Task prompt:
Repeat back the entries that follow, keeping every word as it is.

(Material for the task Opens)

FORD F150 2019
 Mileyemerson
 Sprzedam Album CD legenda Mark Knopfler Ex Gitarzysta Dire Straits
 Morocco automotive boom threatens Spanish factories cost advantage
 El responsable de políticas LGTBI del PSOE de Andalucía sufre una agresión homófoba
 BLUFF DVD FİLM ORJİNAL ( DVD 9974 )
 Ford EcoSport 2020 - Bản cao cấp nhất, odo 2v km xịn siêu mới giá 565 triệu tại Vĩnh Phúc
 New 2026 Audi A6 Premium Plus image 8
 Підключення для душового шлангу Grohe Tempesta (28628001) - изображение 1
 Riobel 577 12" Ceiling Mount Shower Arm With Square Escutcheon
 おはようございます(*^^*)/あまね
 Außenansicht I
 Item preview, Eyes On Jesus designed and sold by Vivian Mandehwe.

(Material for the task Closes)

Expected answer:
FORD F150 2019
 Mileyemerson
 Sprzedam Album CD legenda Mark Knopfler Ex Gitarzysta Dire Straits
 Morocco automotive boom threatens Spanish factories cost advantage
 El responsable de políticas LGTBI del PSOE de Andalucía sufre una agresión homófoba
 BLUFF DVD FİLM ORJİNAL ( DVD 9974 )
 Ford EcoSport 2020 - Bản cao cấp nhất, odo 2v km xịn siêu mới giá 565 triệu tại Vĩnh Phúc
 New 2026 Audi A6 Premium Plus image 8
 Підключення для душового шлангу Grohe Tempesta (28628001) - изображение 1
 Riobel 577 12" Ceiling Mount Shower Arm With Square Escutcheon
 おはようございます(*^^*)/あまね
 Außenansicht I
 Item preview, Eyes On Jesus designed and sold by Vivian Mandehwe.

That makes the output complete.